不肖私がこよなく愛する『万葉集』の鑑賞blogです。

里遠み恋ひうらぶれぬまそ鏡・・・巻第11-2501~2503

訓読 >>>

2501
里(さと)遠(とほ)み恋ひうらぶれぬまそ鏡(かがみ)床(とこ)の辺(へ)去らず夢(いめ)に見えこそ

2502
まそ鏡(かがみ)手に取り持ちて朝(あさ)な朝(さ)な見れども君は飽くこともなし

2503
夕(ゆふ)されば床(とこ)の辺(へ)去らぬ黄楊枕(つげまくら)何しか汝(な)れが主(ぬし)待ち難(かた)き

 

要旨 >>>

〈2501〉あなたの里が遠いので、恋しさにすっかりしょげこんでいます。せめてこの手鏡のように、床のそばにいて夢に出てきてほしい。

〈2502〉手鏡を手に取って朝ごとに見るように、あの人を毎朝見ているのに見飽きることがありません。

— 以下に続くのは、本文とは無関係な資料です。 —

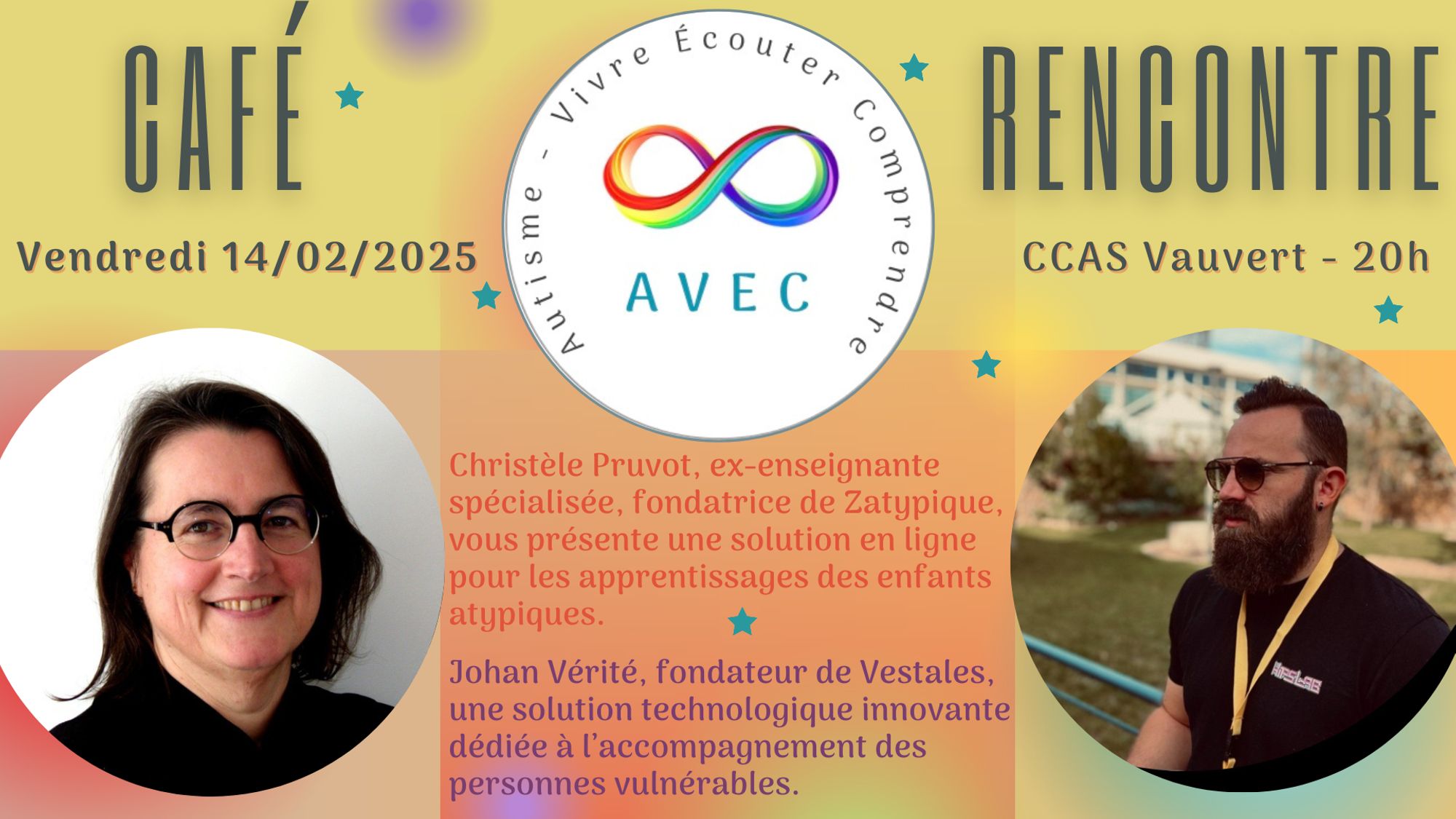 Café rencontre avec l'association Autisme - Vivre Ecouter Comprendre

〈2503〉夕方になるといつも隣の寝床にいる黄楊枕よ、その枕の主がなかなかやってこないのに、お前はどうしてそんなに辛抱強く待ち続けていられるの?

 

鑑賞 >>>

 『柿本人麻呂歌集』から「寄物陳思(物に寄せて思いを述べた歌)」3首。2501の「里遠み」は、里が遠いので。「恋ひうらぶれぬ」は、恋しくてしょげている。「まそ鏡」は、澄んではっきり映る鏡のことで、まそ鏡のように床の近くを離れない意で「床の辺去らず」にかかる枕詞。「夢に見えこそ」の「こそ」は、願望の終助詞。斎藤茂吉は「『床の辺去らず』の句におもしろ味がある」と評しています。

 2502の「手に取り持ちて」は、手に取って用いて。上2句は「朝な朝な見る」を導く序詞。「朝な朝な」は、毎朝、朝々に。2633に「まそ鏡手に取り持ちて朝な朝な見む時さへや恋の繁けむ」という類歌があり、2502の歌をもとに後に作り変えた」ものと見られています。新婚後同居して間もない夫婦と見られる、若々しい歌です。

 2503の「夕されば」は、夕方になるといつも。「黄楊枕」は、黄楊の木で作った木枕。「何しか」は、どうして~なのか。「汝が主」は、枕の主人、つまり女が待ち焦がれる男のことを言っています。第4・5句の原文「射然汝主待困」で、ここは「射」を「何」の誤字とする説に従っていますが、そうではなく、イツシカキミヲマテバクルシモ、イツシカナレガヌシマチガタキなどと訓むものもあります。枕に向かって独り寝の寂しさを訴えるという形の恋歌は、男女がふだん別居して暮らした生活形態ならではの、古い日本の詩歌の伝統的な型の一つとなっています。